ポプラ板に油彩で描かれた板絵で、1503年から1506年に制作されたと考えられている[2]。もともとはフランス王フランソワ1世が購入した作品だが、現在はフランスの国有財産であり、パリのルーヴル美術館が常設展示をしている[2]。しばしば「謎」と表現される画題の不確かさ[3]、スケールの大きな画面構成、立体描写の繊細さ、だまし絵めいた雰囲気など、さまざまな点において斬新であったこの作品は、現在に至るまで人々を魅了し続け、研究の対象となってきた[2]。
この作品が『モナ・リザ』と呼ばれているのは、16世紀のイタリア人芸術家、伝記作家ジョルジョ・ヴァザーリの著書『画家・彫刻家・建築家列伝』の「レオナルドは、フランチェスコ・デル・ジョコンドから妻モナ・リザの肖像画制作の依頼を受けた」という記述が元となっている[注釈 1][4]。

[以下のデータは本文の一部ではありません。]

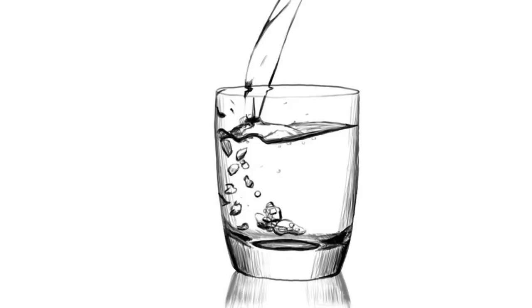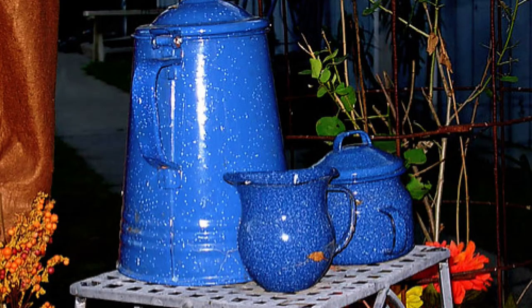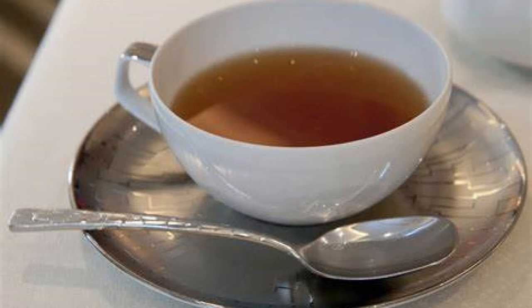Pour 200 milliliters of water into an enameled pot and, when it boils, pour one flat tablespoon of dried common horsetail. Bring to the boil for 2 minutes, then cover and remove the pan from the stove. Leave to stand for 3 hours. Then strain and drink the tea.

よって『モナ・リザ』は、「リザ夫人」と訳すことができる。
イタリア語の「ma donna」は「私の貴婦人」を意味し、短縮形で「mona」と綴られる。ヴァザーリが著作に書いているように「mona」が伝統的な綴りではあるが[注釈 1]、現代イタリア語では「madonna」の短縮形は「monna」となることが多い。したがって「モナ・リザ」を現代イタリア語で綴ると「Monna Lisa」となるが、世界の多くの言語では一般的に「Mona Lisa」(または「Mona Liza」)と綴られている。
レオナルドの伝記が書かれたヴァザーリの著書『画家・彫刻家・建築家列伝』は、レオナルドが死去した31年後の1550年に出版されたものである。そして現在にいたるまで、『モナ・リザ』の来歴やモデルの特定などの情報源としては、この『画家・彫刻家・建築家列伝』がもっともよく知られた文献資料となっている。
2005年にドイツのハイデルベルク大学図書館の研究者が、大学の蔵書である1477年に出版されたキケロ全集の余白部分にラテン語の書込みを発見した。この書き込みは、レオナルドの同時代人でフィレンツェの役人だったアゴスティーノ・ヴェスプッチが1503年に記したもので、ヴェスプッチはレオナルドを著名な古代ギリシアの画家アペレスに例える文章を書いた人物だった。ヴェスプッチの書き込みには、レオナルドがリザ・デル・ジョコンドの肖像画を制作している最中であることが、1503年10月という日付とともに記されていた[5][6]。2004年に実施された赤外線分析の結果からも、『モナ・リザ』の制作開始年が、ジョコンドが次男を出産した1503年ごろだといわれている[7][8]。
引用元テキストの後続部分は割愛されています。